Derek Quizon at the Daily Progress reports that the University of Virginia is looking to spend well over half a billion dollars in the next few years.

Implementing the University of Virginia’s five-year strategic plan could cost more than a half-billion dollars, much of the money going to faculty, according to school estimates.

UVa’s administration has avoided publicly discussing the plan’s cost, calling it a fluid and unpredictable figure. But a 44-page analysis obtained in an open records request put the estimate at $564 million, almost a fourth of that amount covering faculty pay raises and net salaries for more than 400 new professors, mostly to cover an anticipated wave of retirements. Faculty startup packages — or research seed money — would total almost $200 million.

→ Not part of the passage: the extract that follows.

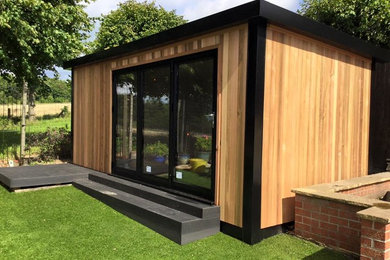 This is an example of a contemporary garden shed and building in Cheshire.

The analysis said about $330 million would go toward faculty. The university expects to replace 295 retiring faculty with 425 new hires. Additional faculty is needed to account for projected enrollment growth, Sullivan wrote in her letter to the board. Enrollment is expected to increase by 1,089 over the five years of the plan, starting next fall and ending in 2019, according to the analysis.

Pouring that much money into the Charlottesville area is likely to have a positive effect, but I’m curious as to what the impact will be on tuition and housing. What plans are being made (if any) to accommodate the new students? Presumably the slew of new apartments on West Main Street will house some of these students. Any plans for new parking garages?

I’m curious too why it took a FOIA to extract these numbers from the University.